Representations and Warranties.
Each of Owner and Manager represents and warrants to the other as follows:
(a)    It is duly organized, validly existing and in good standing under the laws of its jurisdiction of organization. It has all necessary entity power and authority and has taken all entity action necessary to enter into this Agreement, to consummate the transactions contemplated hereby and to perform its obligations hereunder.
(b)    This Agreement has been duly executed and delivered by it and is a legal, valid and binding obligation of it, enforceable against it in accordance with its terms, except as such enforceability may be limited by (i) the effect of bankruptcy, insolvency, reorganization, moratorium, marshalling or other similar laws now or hereafter in effect relating to or affecting the rights and remedies of creditors generally and (ii) general principles of equity, whether such enforceability is considered in a proceeding in equity or at law.

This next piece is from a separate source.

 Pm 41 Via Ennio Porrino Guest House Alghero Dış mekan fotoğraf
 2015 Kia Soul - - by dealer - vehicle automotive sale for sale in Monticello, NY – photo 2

(c)    Neither the execution and delivery by it of this Agreement, the performance by it of its obligations hereunder nor the consummation of the transactions contemplated hereby will (i) with or without the giving of notice or the passage of time, or both, violate, or be in conflict with, or permit the termination of, or constitute a default under, or cause the acceleration of the maturity of, any agreement, debt or obligations of any nature of it or to which it is a party or bound, (ii) require the consent of any party to any agreement, instrument or commitment to which it is a party or to which it or its properties is bound, (iii) violate any statute or law or any judgment, decree, order, regulation or rule of any court or other Governmental Authority to which it is subject, or (iv) result in the creation of any lien, security interest or other encumbrance (other than Permitted Liens) on its assets, which in the case of (i), (ii), (iii) or (iv) would cause the transactions contemplated by this Agreement not to be consummated or that would have a material adverse effect on the business, financial condition or operations of the other party to this Agreement.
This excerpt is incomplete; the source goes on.